Yémen : guerre nouvelle, ressorts anciens

Posted in Moyen-Orient by odalage on 10 novembre 2009

« Le bonheur du royaume réside dans le malheur du Yémen », aurait déclaré Ibn Saoud, le fondateur de l’Arabie saoudite à ses fils rassemblés autour de son lit de mort en 1953. Authentique ou apocryphe, l’anecdote est répétée avec gourmandise par les Yéménites de toute condition, pour souligner la crainte qu’inspire ce pays beaucoup plus pauvre que son grand voisin, mais aussi peuplé.

Aussi n’y a-t-il rien d’étonnant à voir l’aviation saoudienne intervenir militairement contre les rebelles « houthistes » dans la zone frontalière de Saada en invoquant une « stratégie iranienne » pour justifier son action. Une intervention qui rappelle un précédent fâcheux : l’intervention saoudienne aux côtés des royalistes yéménites après la révolution de 1962. Cela n’a laissé de bons souvenir ni aux Yéménites, ni aux Saoudiens. Ces derniers ont dû se résigner à l’existence d’une république à leur flanc sud, tout en intervenant activement pour déstabiliser son gouvernement par le financement des tribus.

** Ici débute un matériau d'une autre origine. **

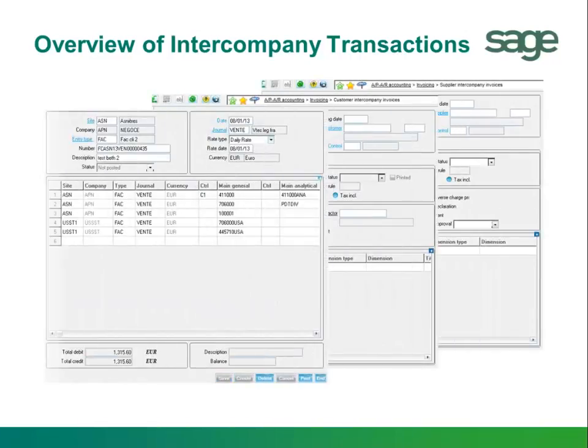In this topic, you will understand intercompany transactions, including what are intercompany transactions, when are they used, for what type of transactions, what are the benefits, and what features are available in your SAGE system.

L’un de leurs partenaires et client traditionnel était le cheikh Abdallah Al Ahmar, chef de la puissante confédération tribale des Hached, dominante au nord du Yémen, et notamment dans la zone de Saada. Quelques rappels pour fixer les idées : Abdallah Al Ahmar, bien que conservateur, est toujours resté républicain et son soutien a été décisif dans le succès des républicains face aux royalistes lors de la guerre de 1962 et par la suite ; Abdallah Al Ahmar a toujours su accepter les prébendes saoudiennes sans devenir un agent saoudien ; il a longtemps présidé le parlement et son parti, Al Islah. Un parti islamiste, mais dont il représentait l’aile pragmatique. Enfin, le président Ali Abdallah Saleh, arrivé au pouvoir par un coup d’État militaire en 1978, appartient à cette même confédération tribale des Hached –il est apparenté au clan Al Ahmar– et ne peut véritablement gouverner contre elle.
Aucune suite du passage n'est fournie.